Gluck refuse un premier livret signé Ducongé Dubreuil et choisit un jeune auteur, Nicolas-François Guillard, qui saura traduire ses exigences en beaux vers français. Guillard puise chez Euripide et Guimond de La Touche. En mars 1778, Gluck emporte le texte à Vienne et se met à composer, exigeant de nombreuses retouches et n’hésitant pas à emprunter à plusieurs de ses partitions antérieures, en particulier au ballet Semiramis (1765).
Le nouveau directeur de l’Opéra, Devismes, trouve intéressant de mettre en concurrence Gluck et un autre grand musicien étranger, l’Italien Piccinni, à qui il remet le texte de Ducongé Dubreuil. Furieux, Gluck obtient de la reine Marie-Antoinette que son Iphigénie soit jouée en premier. Celle de Piccinni attendra 1781.
En novembre 1778, Gluck est de retour à Paris afin de préparer l’orchestre et les « acteurs chantants », comme on appelle alors les solistes. Maître de la dramaturgie, il veut superviser l’interprétation : son écriture syllabique rompt avec l’art de vocaliser, il préfère parfois les cris au chant… Par chance, les artistes commencent à le connaître : Rosalie Levasseur (Iphigénie) a chanté quatre de ses héroïnes (mais pas Iphigénie en Aulide), Henri Larrivée (Oreste) en a chanté trois, tout comme Joseph Legros (Pylade). L’orchestre apprécie d’endosser un rôle perpétuellement dramatique, tout en redoutant l’intransigeance du Viennois.
Les « acteurs dansants », eux, se braquent : au lieu du ballet rituel à chaque acte – il y en a quatre –, ils ne disposent que d’un bref ballet de Scythes, aux accents sauvages, à la fin de l’acte I. Leur mobilisation entraînera, dès la cinquième représentation du 1er juin, l’ajout d’un grand ballet final, Les Scythes enchaînés, composé par Gossec après le refus de Gluck, et chorégraphié par Noverre, l’inventeur de la danse expressive.

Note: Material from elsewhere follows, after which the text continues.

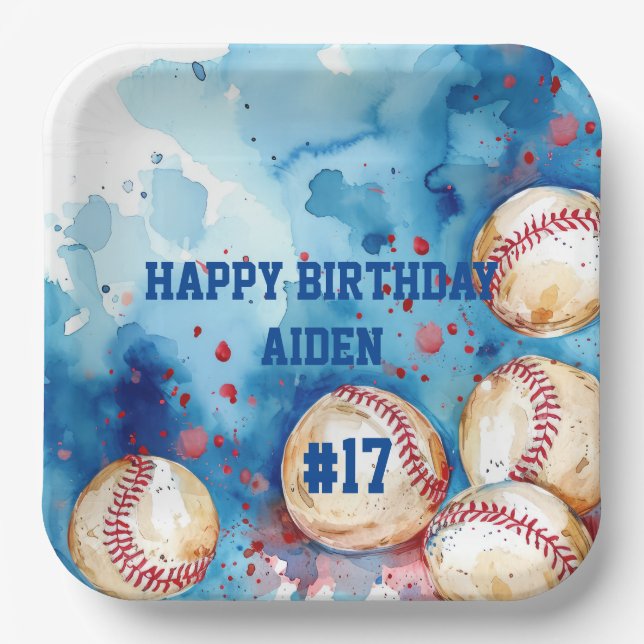Assiettes En Carton Fête à thème de baseball personnalisée (Recto)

La première a lieu le mardi 18 mai 1779 à l’Opéra, alors situé au Palais-Royal. La reine, convalescente après une fausse-couche, tient à y assister. L’œuvre bouleverse et enthousiasme, jusqu’à ceux qui hésitaient encore, par son unité et sa noblesse proches de la tragédie parlée, par la vérité et l’intensité de l’expression musicale, dès l’ouverture tempétueuse où résonnent les plaintes d’Iphigénie. Avec Gluck, la tragédie en musique se mue en opéra. Son objet sera désormais autant la vie intérieure de ses personnages que leurs actions héroïques.
Tandis que le jeune Goethe donne au Théâtre ducal de Weimar sa propre Iphigenie auf Tauris, en endossant le rôle d’Oreste, l’Iphigénie en Tauride de Gluck est parodiée cinq fois à Paris en 1779, signe d’un énorme succès. Puis cette œuvre la plus aboutie de sa réforme est rapidement jouée sur les scènes européennes – Gluck lui-même procédant à un arrangement en allemand en 1781 pour la cour de Vienne (où Thoas est chanté par Ludwig Fischer, futur Osmin de L’Enlèvement au sérail). Lorenzo Da Ponte en tire une traduction italienne qui sera jouée à Londres en 1796. Puis une nouvelle traduction allemande supervisée par Goethe et Schiller sera jouée outre-Rhin jusqu’aux années 1820.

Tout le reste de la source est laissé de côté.